Write out, exactly and only, the lines that run from the top of the records to the line with "Hi, today I'd". Include both ends; exclude pictures.

Material shown: Begin

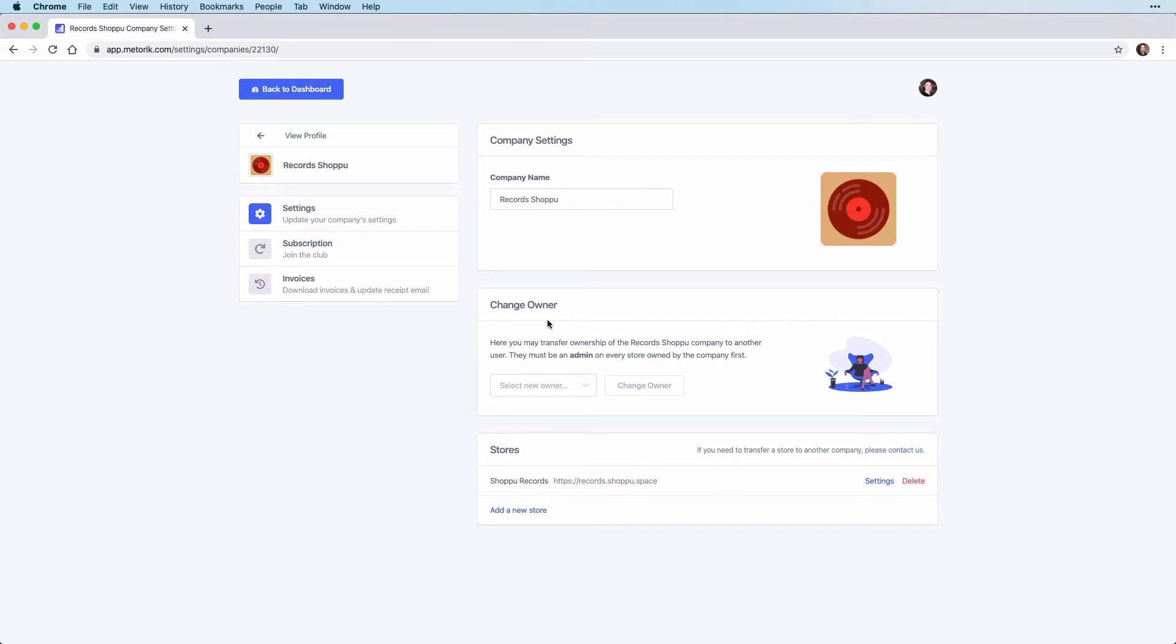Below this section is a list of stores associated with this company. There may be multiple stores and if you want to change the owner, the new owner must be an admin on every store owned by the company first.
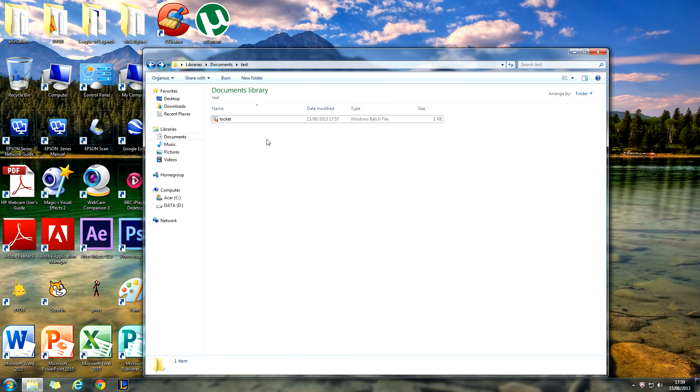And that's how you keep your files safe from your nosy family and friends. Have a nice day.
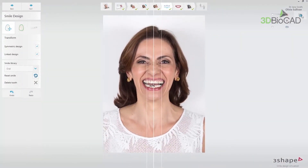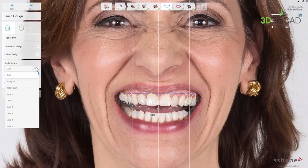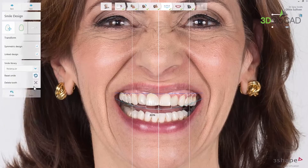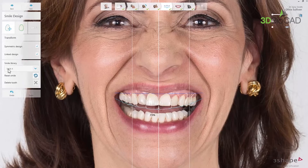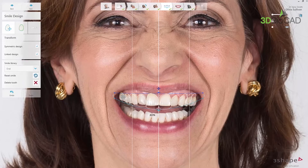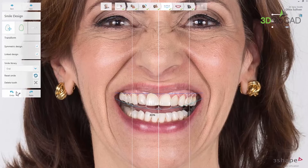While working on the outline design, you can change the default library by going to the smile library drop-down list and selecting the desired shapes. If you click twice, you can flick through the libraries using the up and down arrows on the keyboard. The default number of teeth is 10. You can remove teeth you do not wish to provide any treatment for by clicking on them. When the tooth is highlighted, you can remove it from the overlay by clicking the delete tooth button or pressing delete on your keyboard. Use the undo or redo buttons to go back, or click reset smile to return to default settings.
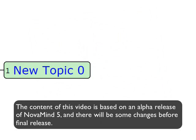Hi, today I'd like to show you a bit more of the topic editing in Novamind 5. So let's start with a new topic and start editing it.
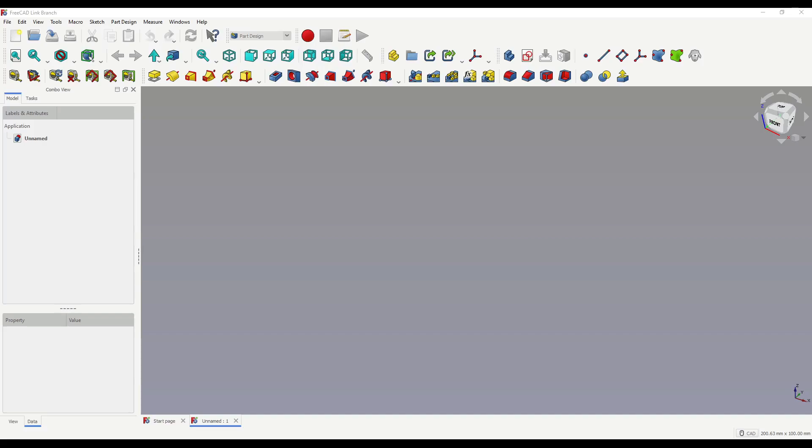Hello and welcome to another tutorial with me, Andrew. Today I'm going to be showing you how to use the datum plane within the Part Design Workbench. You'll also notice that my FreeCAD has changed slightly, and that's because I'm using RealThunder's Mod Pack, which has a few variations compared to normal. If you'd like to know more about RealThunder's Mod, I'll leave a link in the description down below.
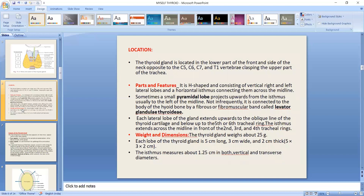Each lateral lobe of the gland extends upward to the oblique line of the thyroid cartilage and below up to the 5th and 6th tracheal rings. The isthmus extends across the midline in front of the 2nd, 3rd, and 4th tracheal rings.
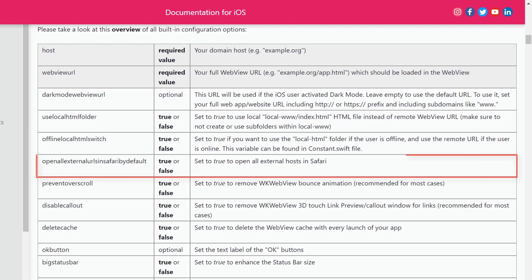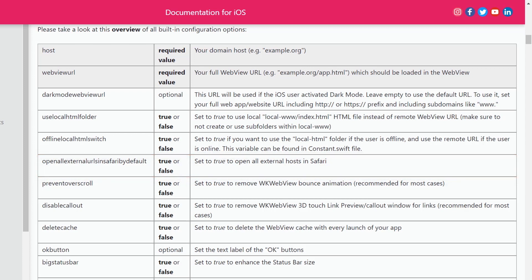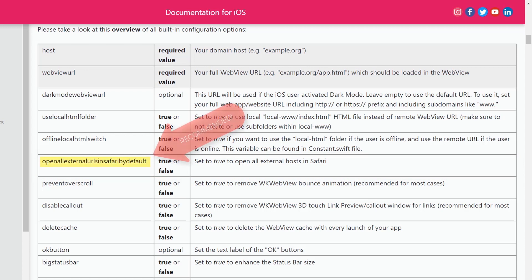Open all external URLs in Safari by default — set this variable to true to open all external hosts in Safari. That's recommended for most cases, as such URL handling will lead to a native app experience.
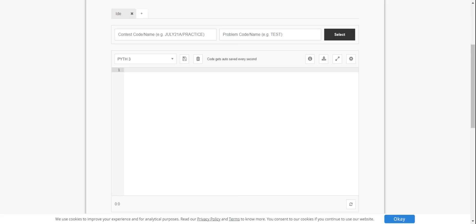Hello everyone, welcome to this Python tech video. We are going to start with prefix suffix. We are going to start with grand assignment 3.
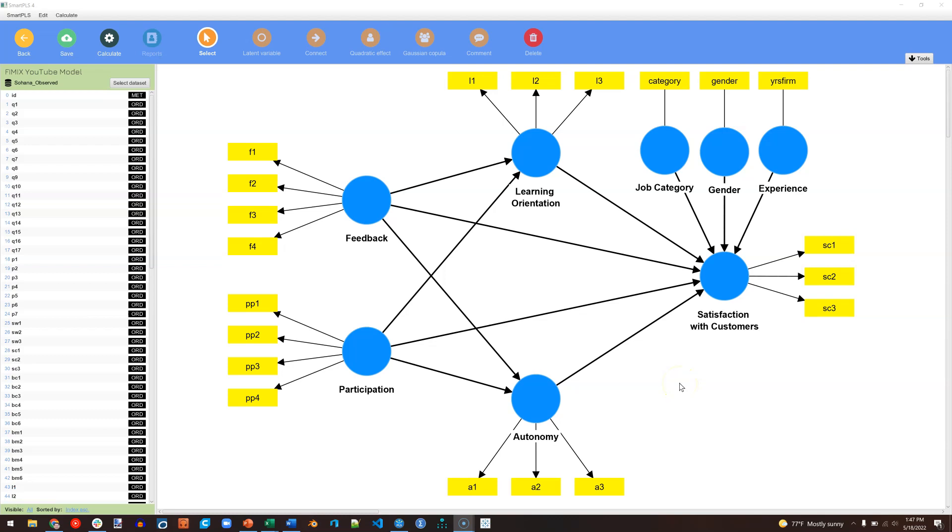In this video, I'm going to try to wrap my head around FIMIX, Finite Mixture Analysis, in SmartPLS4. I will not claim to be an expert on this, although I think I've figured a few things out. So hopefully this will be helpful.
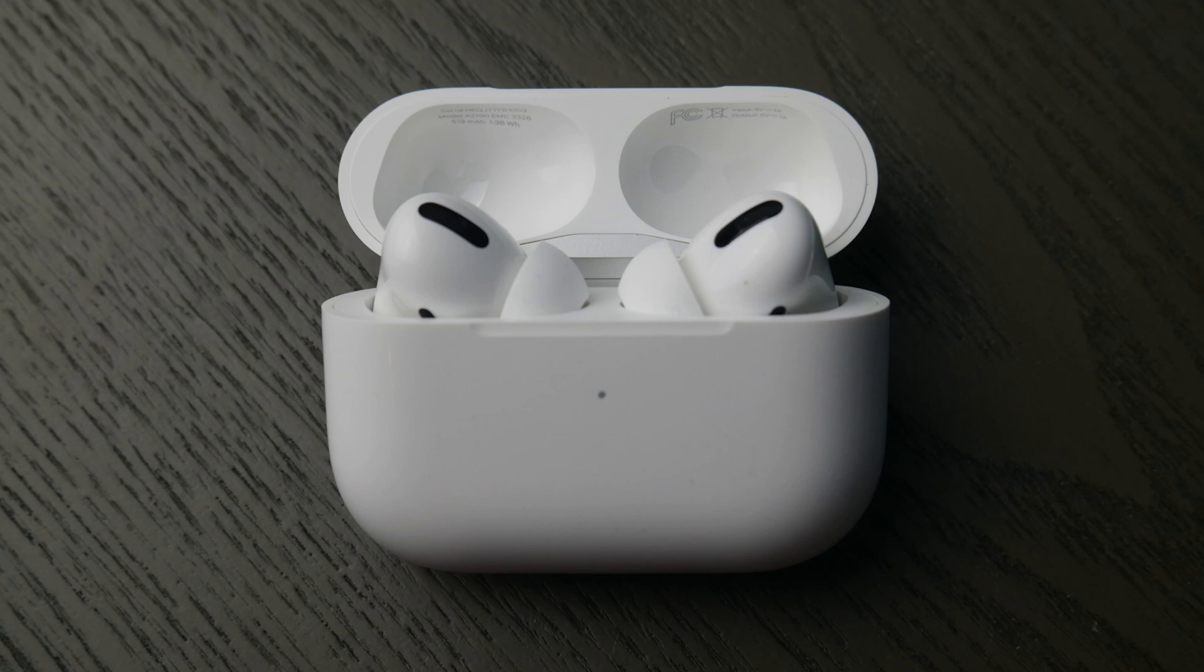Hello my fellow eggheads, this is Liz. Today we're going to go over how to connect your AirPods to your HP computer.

Material shown: End

== Result of this task ==
Below this section is a list of stores associated with this company. There may be multiple stores and if you want to change the owner, the new owner must be an admin on every store owned by the company first.
And that's how you keep your files safe from your nosy family and friends. Have a nice day.
While working on the outline design, you can change the default library by going to the smile library drop-down list and selecting the desired shapes. If you click twice, you can flick through the libraries using the up and down arrows on the keyboard. The default number of teeth is 10. You can remove teeth you do not wish to provide any treatment for by clicking on them. When the tooth is highlighted, you can remove it from the overlay by clicking the delete tooth button or pressing delete on your keyboard. Use the undo or redo buttons to go back, or click reset smile to return to default settings.
Hi, today I'd like to show you a bit more of the topic editing in Novamind 5. So let's start with a new topic and start editing it.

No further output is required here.